E’ il terreno di gioco che va cambiato. Il competence creep della magistratura, cioè l’acquisizione progressiva di potere mediante erosione a proprio favore di spazi sottratti al Parlamento o al governo, non può essere contrastato confidando nell’autolimitazione. Così come è inutile lamentarsi genericamente del creazionismo giurisdizionale, che applica norme inventate. La questione c’è, ed anzi è poco più che bimillenaria. In tutti gli ordinamenti. Dalle parti di Trump, per esempio, la Corte suprema in più occasioni ha funzionato come vera e propria opposizione giudiziaria, come contropotere politico. E’ storia risaputa, in somma. Non è facile rimettere “ogni cosa al suo posto”, come dice Massimo Luciani – autorevole giurista e ora giudice costituzionale in quota Pd – nel suo ultimo libro. Qualche punto fermo possiamo però metterlo.

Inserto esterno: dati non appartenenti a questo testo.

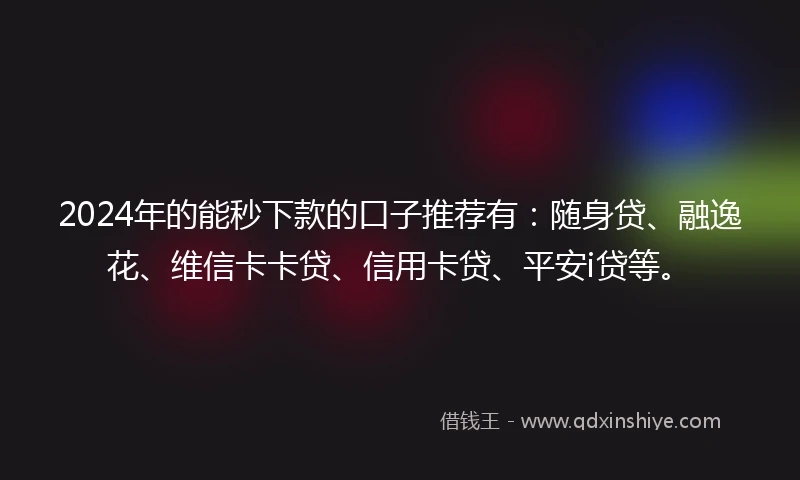2024年的能秒下款的口子推荐有：随身贷、融逸花、维信卡卡贷、信用卡贷、平安i贷等。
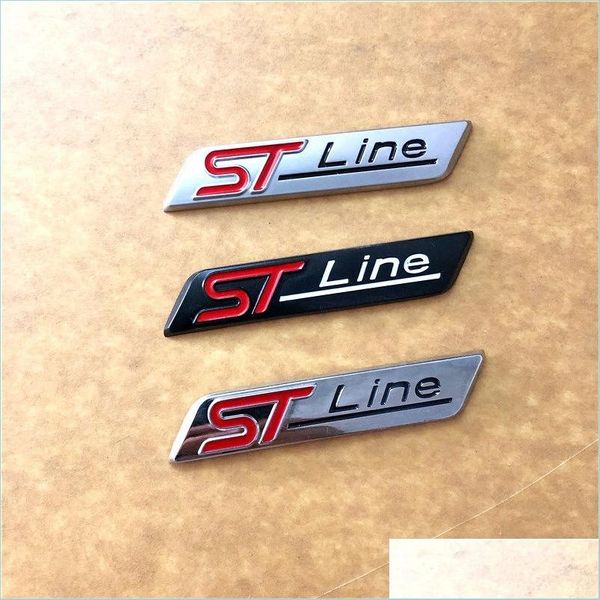 Pegatinas de coche de metal Stline St Line Car Emblem Badge Decal 3D Sticker para Ford Focus Mondeo Chrome Matt Sier Black Drop Delivery 2022 Dhxqo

Anzitutto, si dovrebbe smetterla con quella litania dolente e infeconda che accusa genericamente il potere togato di voler fare il legislatore senza avere alcuna rappresentatività democratica. Messa così, la risposta che ci viene dal giudiziario è tanto semplice quanto vincente: le norme di legge non riusciranno mai a fornire la regola per decidere ogni singolo caso, per cui qualunque giudice, qualunque sentenza, dovrà riempire gli spazi bianchi (le “lacune”) che ne derivano. Scacco matto.

La partita sta altrove. Il fenomeno del “legiferare dallo scranno” durerà quanto la civiltà umana, sia chiaro. Si tratta allora di rendere più difficili le esondazioni magistratuali, di ridurne al massimo la portata.

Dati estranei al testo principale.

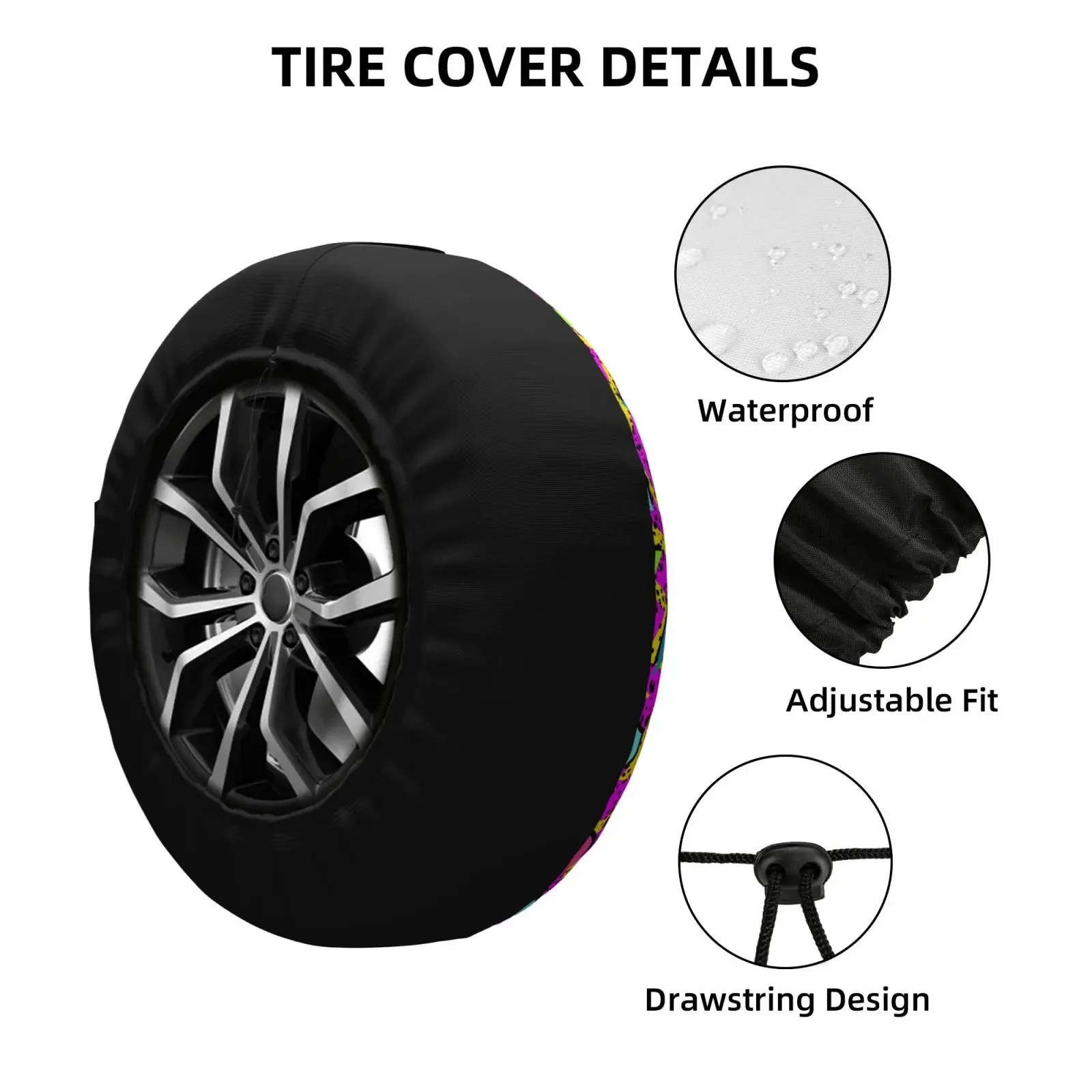 90s Retro Geometric Pattern Tire Cover Custom 80s Memphis Style Spare Wheel Protector 4x4 SUV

I modelli utilizzati per queste tracimazioni sono noti. Vediamone alcuni. I giudici più attivisti cercano spesso di “nascondersi” dietro masse normative poco chiare (come il diritto dell’Unione europea nel caso “albanese” dei migranti) per presentare le loro sentenze come atti di stretta applicazione della legge: come se si trattasse, cioè, di una deduzione obbligata e inevitabile, dove in realtà sarebbero state possibili altre interpretazioni, molto meno dirompenti. Oppure sfruttano il “silenzio”, cioè gli spazi dell’ordinamento non coperti da regole giuridiche, per creare regole funzionali a determinati obiettivi “politici” (così sembra nel caso Loro Piana). O, ancora, considerano la norma di legge, se sgradita nei suoi contenuti, alla stregua di un avversario, un’entità resistente da debellare con tutti i mezzi: mediante forzature interpretative, disapplicazioni, etc.

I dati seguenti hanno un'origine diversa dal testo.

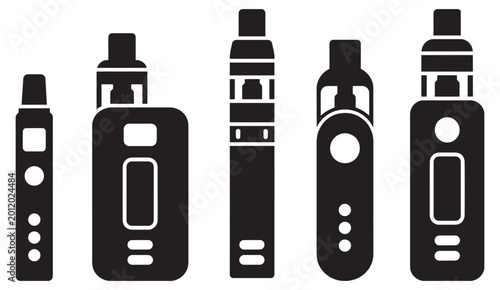 Konstfotografi Electronic cigarette icon set, minimal black glyph icons vape pods vaporizer dev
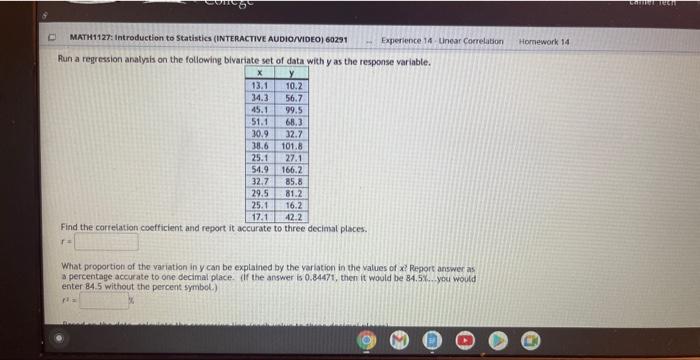 Solved What proportion of the variation in y can be | Chegg.com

Il creazionismo giudiziario è un po’ come il colesterolo. Necessario e inevitabile. L’ecosistema istituzionale non può farne a meno. Ma c’è quello “buono” e quello “cattivo”. E’ quindi inutile, anzi dannoso, dolersene senza fare distinzioni: si offre al potere togato la possibilità di difenderne la versione intollerabile occultandola dietro il paravento di quella indispensabile.

L’azione di contrasto deve essere invece mirata, calibrandola soltanto sulla prima, quella deteriore. Più di vent’anni fa si tentò – in modo piuttosto grossolano – di fermare questi eccessi prevedendo per legge la responsabilità disciplinare del magistrato che interpreti le norme in modo creativo o “palesemente e inequivocabilmente contrario alla lettera e alla volontà della legge”.

La strada giusta è solo politica. Per farle tornare nei ranghi, si devono sospingere le corti a essere più trasparenti, pretendendo che le sentenze pesantemente creative si fondino su di una motivazione particolarmente esaustiva: che dia piena contezza del percorso logico-giuridico seguito, con le conseguenti critiche – anche particolarmente dure – da parte della politica e dell’opinione pubblica.